◆ TASK ITEM
Leaving out the pictures, write the following records exactly as they read.
### RECORDS SHOWN
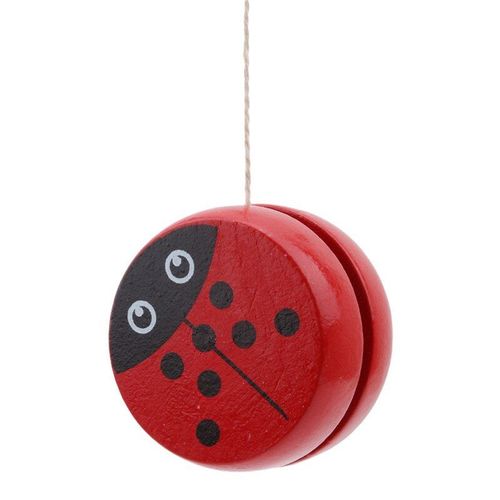 4.8 Cm Belle En Bois Yo Yo Personnalité Creative Building Personnalité Sport Loisirs Classique Jouets Pour Enfants De Noel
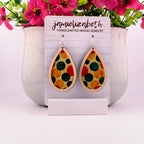 Retro Dots Teardrop Earrings | ’70s Throwback
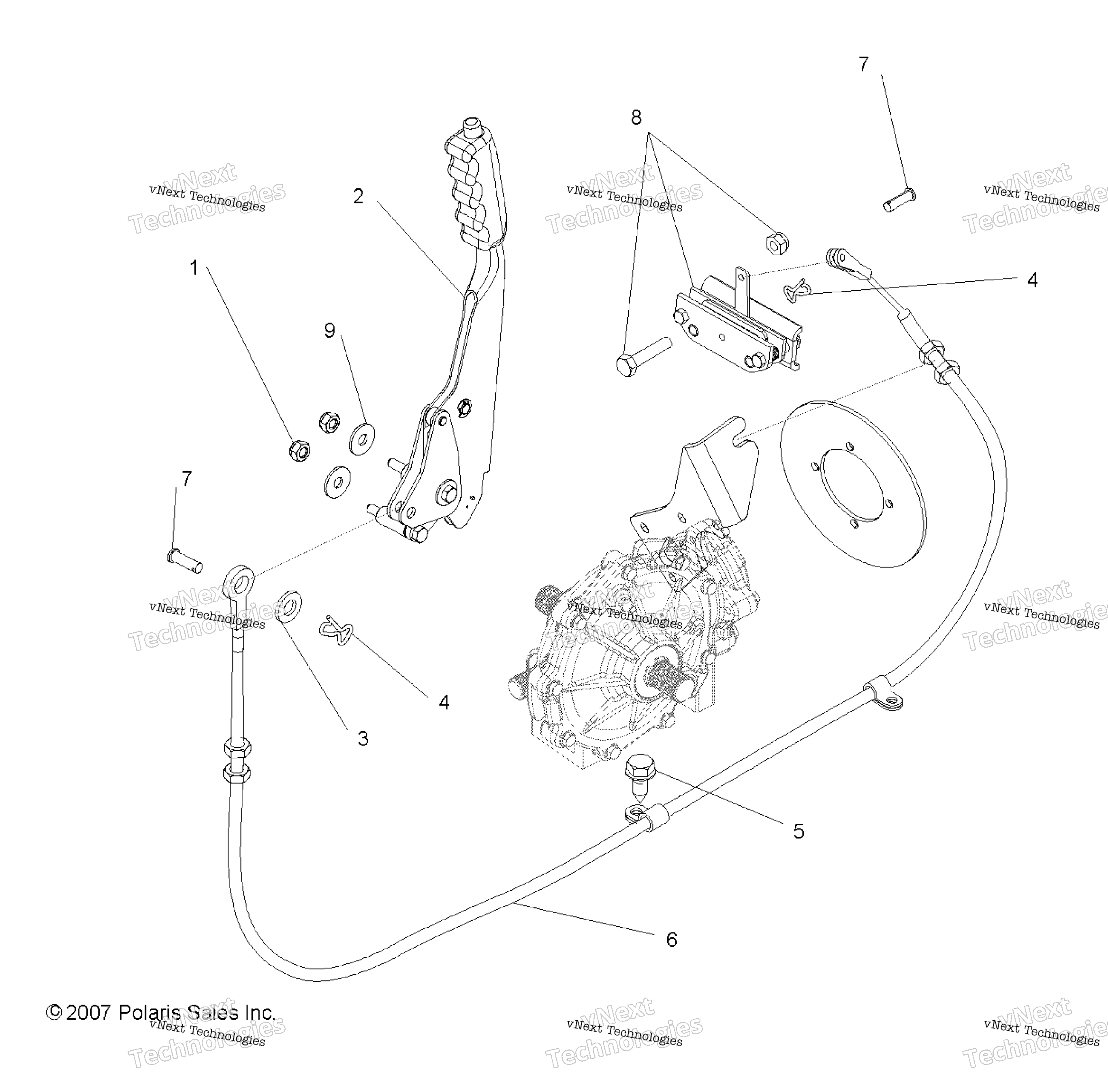 Brakes, Park тормоз Asm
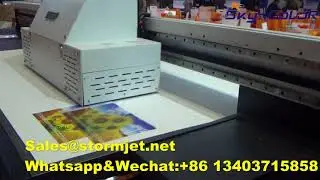 StormJet UV Flatbed printer, Ricoh GEN 5 UV flatbed printer.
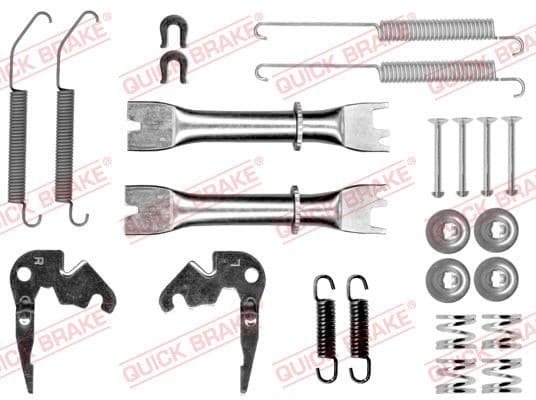Remschoen montage set past: NISSAN NV200, NV200 / EVALIA 1.5D/1.6 02.10-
######
◆ PROBLEM SOLUTION
 4.8 Cm Belle En Bois Yo Yo Personnalité Creative Building Personnalité Sport Loisirs Classique Jouets Pour Enfants De Noel
 Retro Dots Teardrop Earrings | ’70s Throwback
 Brakes, Park тормоз Asm
 StormJet UV Flatbed printer, Ricoh GEN 5 UV flatbed printer.
Remschoen montage set past: NISSAN NV200, NV200 / EVALIA 1.5D/1.6 02.10-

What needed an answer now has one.